Jaïrus était le chef de l'importante
synagogue de Capharnahum; mais ce président,
ne l'oublions pas, n'avait aucun pouvoir
spécial, il n'était que « primus
inter pares », et le collège des
anciens de la primitive Église s'est
calqué sur ce modèle.
Les trois chefs avaient sous leurs
ordres immédiats un personnage fort
important appelé le Hazzan dans le Nouveau Testament
(23)).
C'était une sorte de domestique à la
fois et de sacristain, auquel était
confiée toute la partie matérielle du
service. Lorsqu'on fonda des
écoles d'enfants en Palestine le Hazzan fat
chargé de diriger celles qui avaient moins
de vingt-cinq élèves
(24). Il
remplissait encore les fonctions d'exécuteur
quand le sanhédrin local condamnait
quelqu'un à la bastonnade.
La disposition de la synagogue
était fort simple. Le bâtiment
consistait en une salle rectangulaire plus ou moins
grande. Celles des grandes villes avaient à
l'intérieur des rangées de colonnes,
ordinairement au nombre de quatre. Au dehors un
portique de l'ordre grec
(25) indiquait
qu'on n'avait pas affaire à une maison
ordinaire. A l'intérieur, sur un parquet
surélevé où se tenaient les
Scribes, était le meuble principal,
l'armoire sainte (Tébah
(26)), dont la
façade était tournée du
côté de Jérusalem et dans
laquelle on tenait renfermés les manuscrits.
Ceux de la loi (Thorah) et ceux des autres livres
saints (Sepharim
(27)).
C'étaient, sans nul doute, les manuscrits
des Prophètes, celui des Psaumes, celui de
Daniel, les cinq rouleaux (Negilloth),
(c'est-à-dire le Cantique des cantiques,
Ruth, les Lamentations, l'Ecclésiaste et
Esther), et d'autres encore. Ils étaient
conservés dans une toile de lin
(28) et dans un
étui
(29). Devant
l'armoire un rideau imitait le voile du Temple. La
salle était garnie de bancs et, à
l'extrémité, sur l'estrade, on
apercevait une espèce de chaire
(30). Sur le
sol on répandait de la menthe pour parfumer
et purifier l'air
(31). Les
premières places étaient
payées et fort
enviées
(32). Les
Docteurs de la Loi, les Pharisiens, les personnages
importants de la communauté avaient soin de
les occuper de bonne heure. Ils étaient
d'autant plus en vue qu'ils avaient le visage
tourné vers le peuple et le surveillaient ;
la foule des simples fidèles venait ensuite
et les prosélytes restaient debout à
la porte. La synagogue étant destinée
à tenir lieu du Temple, on avait une
tendance à y distinguer des parties plus
sacrées que d'autres. La place des pauvres
et des païens était près de
l'entrée et figurait le parvis des Gentils.

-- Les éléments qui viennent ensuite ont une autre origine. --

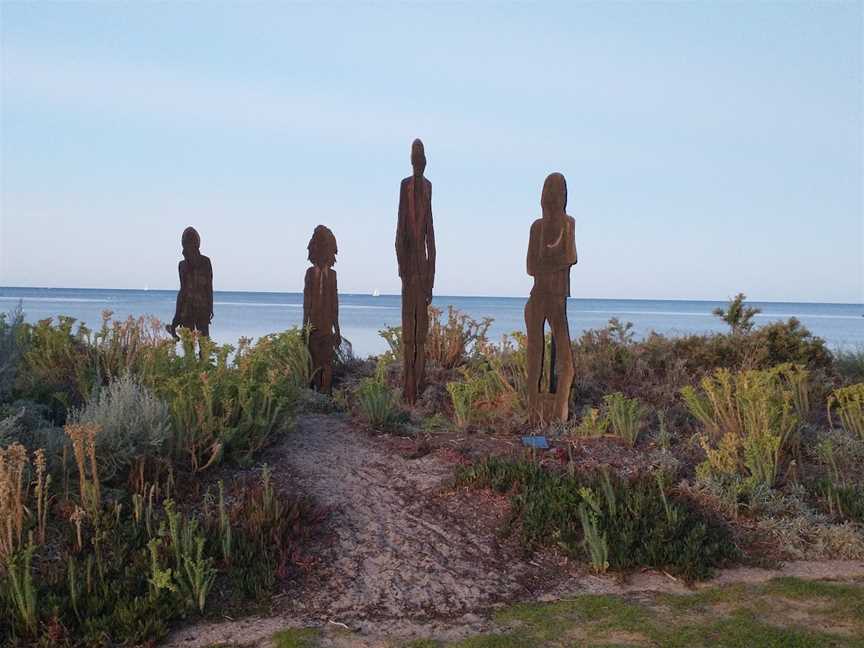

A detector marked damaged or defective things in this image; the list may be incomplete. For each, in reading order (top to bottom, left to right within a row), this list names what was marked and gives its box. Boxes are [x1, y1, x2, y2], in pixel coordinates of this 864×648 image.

Au fond de l'édifice, au contraire, le
parquet plus élevé
représentait la cour des prêtres et le
sanctuaire. Il est probable aussi que les hommes
étaient séparés des femmes
comme dans le Temple. Le christianisme, dès
son origine, eut soin d'éviter ces
distinctions et de proclamer
l'égalité des croyants dans
l'intérieur des Églises
(33).
Le service du Sabbat était fait
par sept personnes désignées par le
président et appelées à haute
voix par le Hazzan. Ce nombre sept n'était
pas de rigueur pour les offices de semaine.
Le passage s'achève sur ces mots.